Mais, pour nous ôter la pensée que nous pourrions avoir, qu'il étend ce qu'il dit jusques à nos âmes, il ajoute d'abord : « Ils ont tous été tirés de la terre et ils retourneront tous en terre; » ce qui ne se peut dire que de nos corps, qui ont été formés de terre; et c'est du corps seulement que Dieu a dit: « Vous êtes terre et vous retournerez en terre. » Quant aux paroles suivantes, qui semblent contenir des blasphèmes et des impiétés : « Qui connaît si l'âme des enfants d'Adam monte en haut, et si l'âme des bêtes descend en bas?» quant à ces paroles, dis-je, il faut. bien se donner de garde de croire que l'Ecclésiaste ne distingue point les hommes des bêtes, et qu'il prétend confondre la dignité (163) de l'âme avec la bassesse du corps. Il veut seulement, lorsqu'il dit : « qui connaît?» nous insinuer la difficulté de cette connaissance, et combien peu de personnes la possèdent; car dans l'Ecriture sainte le pronom interrogatif quis, qui, ne marque point l'impossibilité d'une chose, mais la seule difficulté ; comme dans cet endroit d'Isaïe : « Qui pourra parler de sa naissance?» et dans le quatorzième psaume : « Seigneur, qui est celui qui habitera dans votre tabernacle? » et le reste.

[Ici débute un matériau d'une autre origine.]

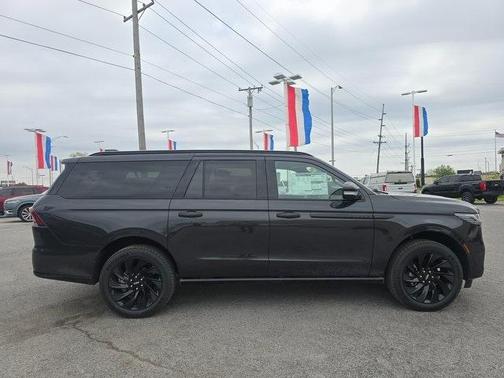 2025 Lincoln Navigator L Reserve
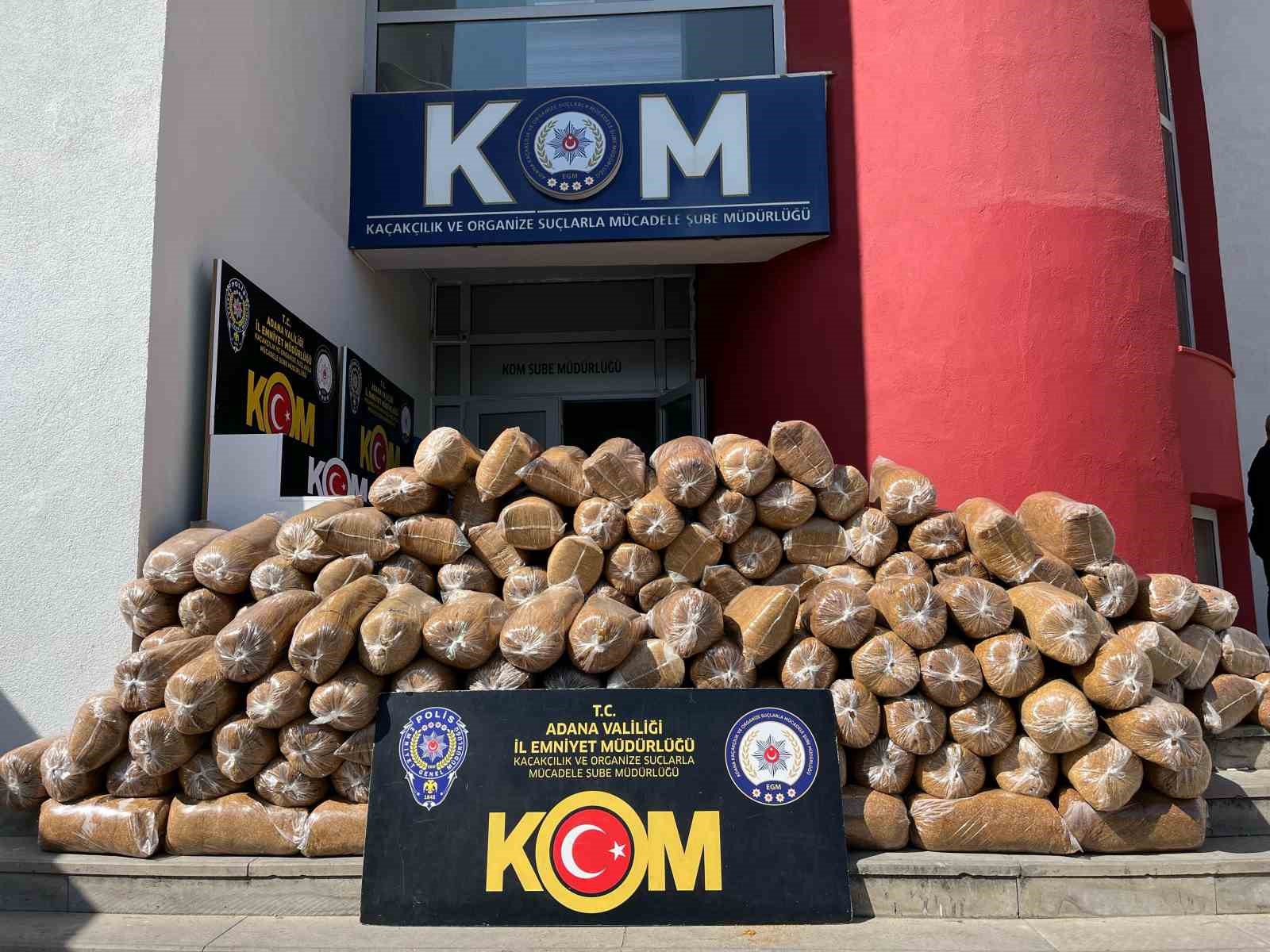 Adana’da araçta 1 ton kaçak kıyılmış tütün ele geçirildi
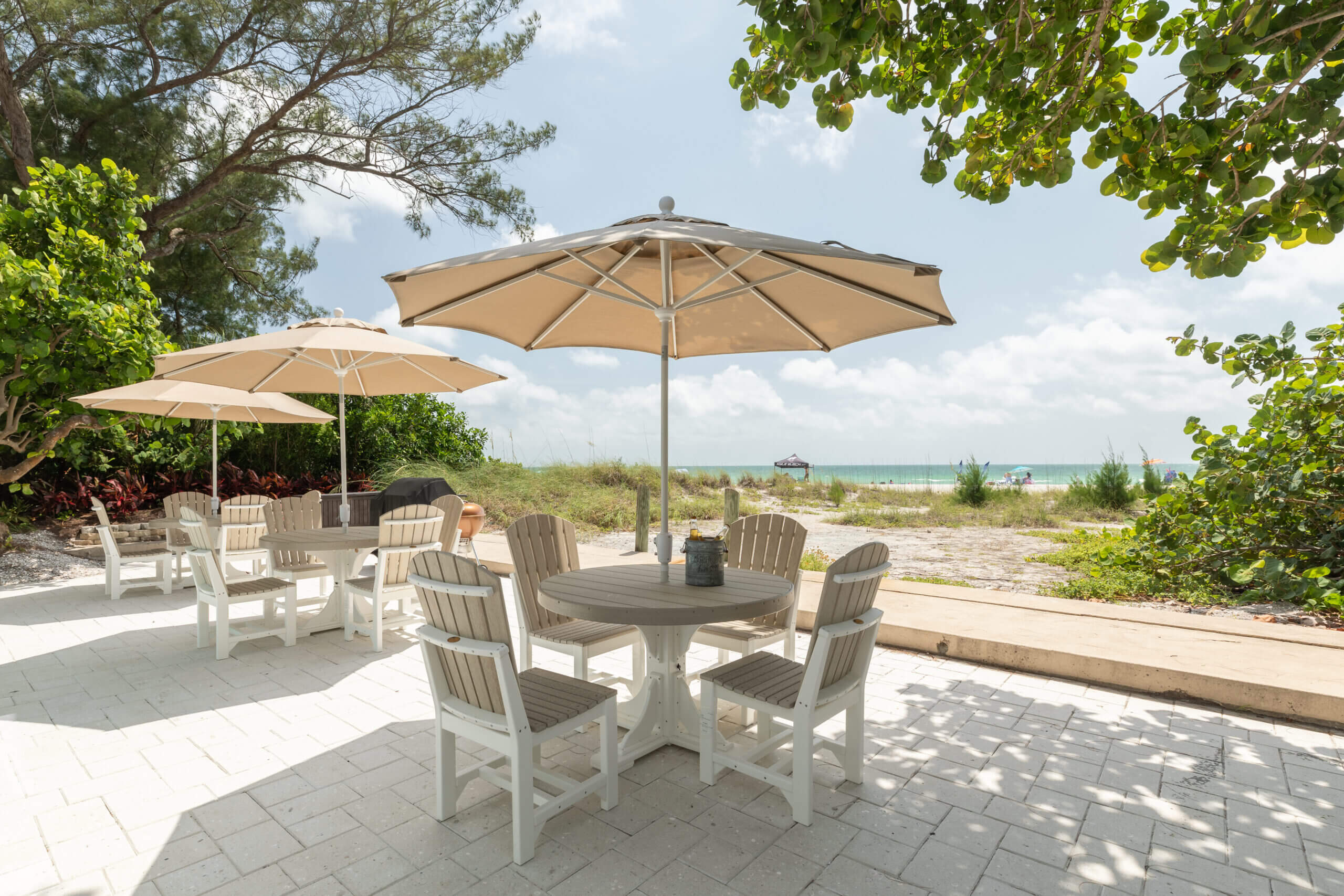 patio design luxury interior decorator in sarasota
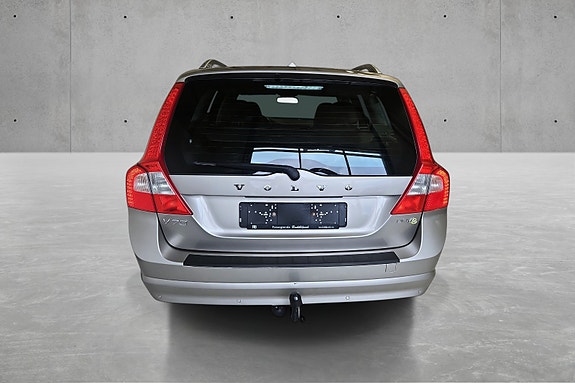Volvo V70 4 of 29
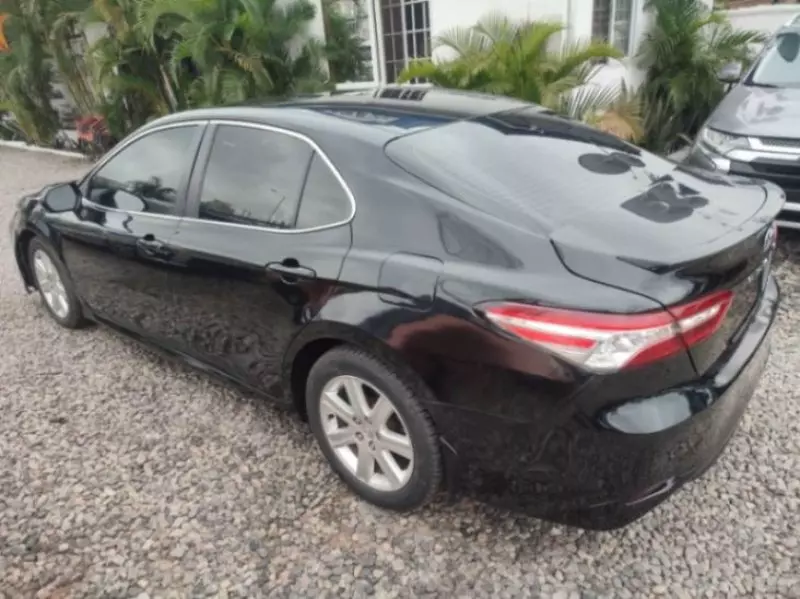 TOYOTA Camry   - 2019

La seule différence donc qu'il y a entre les hommes et les bêtes est que l'âme des hommes monte au ciel en se séparant du corps., et que l'âme des bêtes descend en bas dans la terre et y est détruite avec le corps; ce que j'ai dit en passant dans cette explication littérale, afin de répondre à quelque savant ecclésiastique qui pourrait prétendre que l'Ecclésiaste a parlé des âmes en doutant et ne sachant si celles des hommes montent en haut et si celles des bêtes descendent en bas.
V. 22. « Et j'ai reconnu qu'il n'y a rien de meilleur pour l'homme que de se réjouir dans ses oeuvres, et que c'est là son partage ; car qui le pourra mettre en état de connaître ce qui doit arriver après lui? » Il n'est donc rien de meilleur pour l'homme,pendant qu'il vit en ce monde, que de mettre sa joie à faire de bonnes oeuvres et des aumônes, pour se préparer un trésor dont il doit jouir dans le royaume des cieux. Ce partage qu'il se fait lui-même de ses propres biens ne saurait lui être ravi ni par les voleurs ni par les tyrans , et c'est le seul qui doit le suivre après sa mort; car, après que l'âme s'est séparée du corps, l'homme ne peut point encore une fois profiter du fruit de ses travaux, ni connaître ce qui se fera dans ce monde après qu'il en sera parti. Il y en a qui disent, sur ce verset, que l'Ecclésiaste nous apprend à nous servir des biens que nous possédons dans cette vie, parce que cet usage est la seule chose que nous emportons avec nous en quittant le monde, ne sachant point qui sera l'héritier de nos biens après notre mort, ni s'il méritera de nous succéder et de posséder ce que nous avons acquis par notre travail.